Days before third quarter earnings season began on Tuesday with Alcoa’s (NYSE:AA) earnings report, many analysts were optimistic because expectations have been set so low.

Standard and Poor’s tallied that the most recent earnings estimates for the S&P 500 Index is for earnings to grow 13 percent from a year ago, which is 3 percent lower than the July 27 estimate.

Ahead of Alcoa’s earnings report, U.S. stocks ended mixed on Tuesday, with earnings optimism partially overcoming worries over Slovakia’s approval of the proposed European Financial Stability Facility (ESFS) expansion.

The S&P 500 Index rose 0.05 percent, the Dow Jones Industrial Average fell 0.15 percent, and the Nasdaq Composite rallied 0.66 percent.

The market, in anticipation of good earnings from Alcoa, bid up the aluminum company’s shares by 2.08 percent in the regular session.

Alcoa’s actual results, however, disappointed the market.  It reported earnings of $0.15 per share, which exceeded last year’s $0.06 per share but fell short of expectations of $0.22 per share.

In after-hours trading, Alcoa shares plunged 4.66 percent.

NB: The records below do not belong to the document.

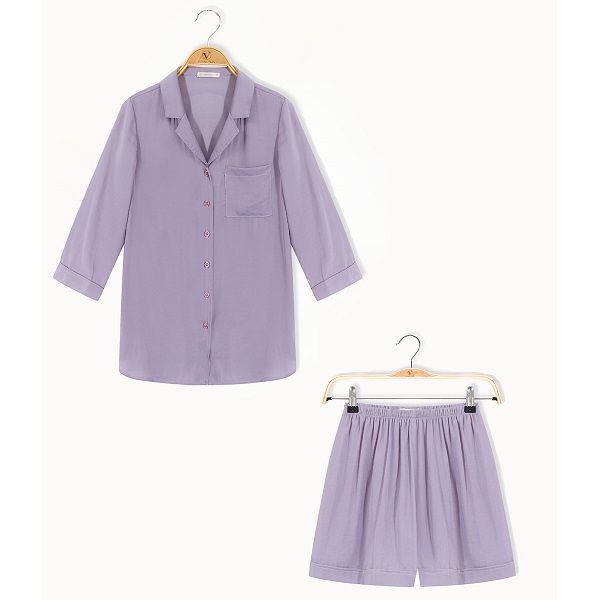 Bộ Ngủ Áo Dài, Quần Short Màu Tím 05 Vien Tran O68S20Q002-S3105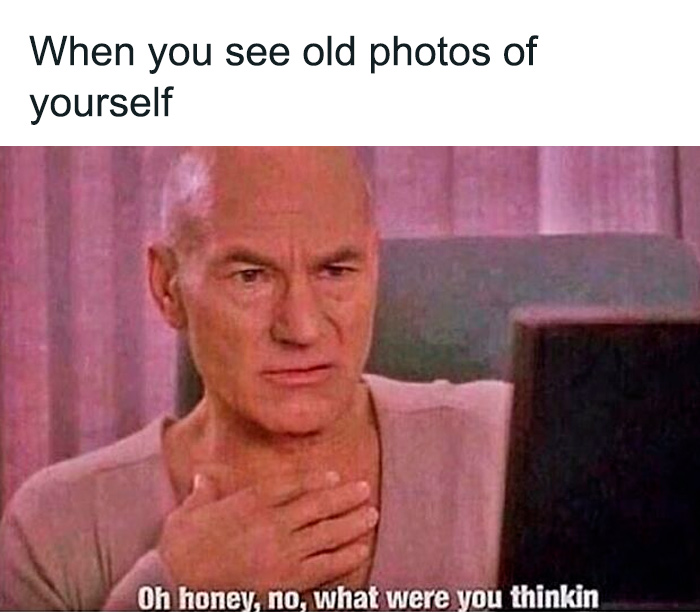 Patrick Stewart meme reacting to old photos of yourself in random memes collection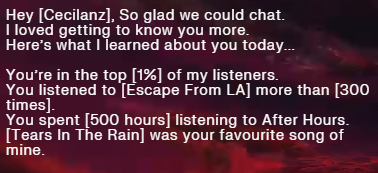 Lanzs_'s tweet photo. @theweeknd @Spotify Escape From LA --> 300+ times
After Hours --> 500+ Hours.
That's a lot. XO https://t.co/FFbOHLhSzY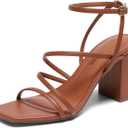 DREAM PAIRS Women's Heels Chunky Block Strappy Square Open Toe Ankle Buckle 3.15 Inch Heeled Sandals Wedding Party Dress Prom Shoes 8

The rude reality is that third quarter earnings will be disappointing, even against lowered expectations, said Patrick Moonen, a senior strategist at ING Investment Management.

Moonen, speaking to Bloomberg TV, cited global economic slowdown, currency volatility, and weak investor sentiment as factoring weighing on U.S. corporate earnings. 

Two sectors that may particularly disappoint are basic materials (on the global slowdown) and financials (on unfavorable industry conditions).

For example, analysts expect Goldman Sachs (NYSE:GS) to post a quarterly loss for only the second time in its history.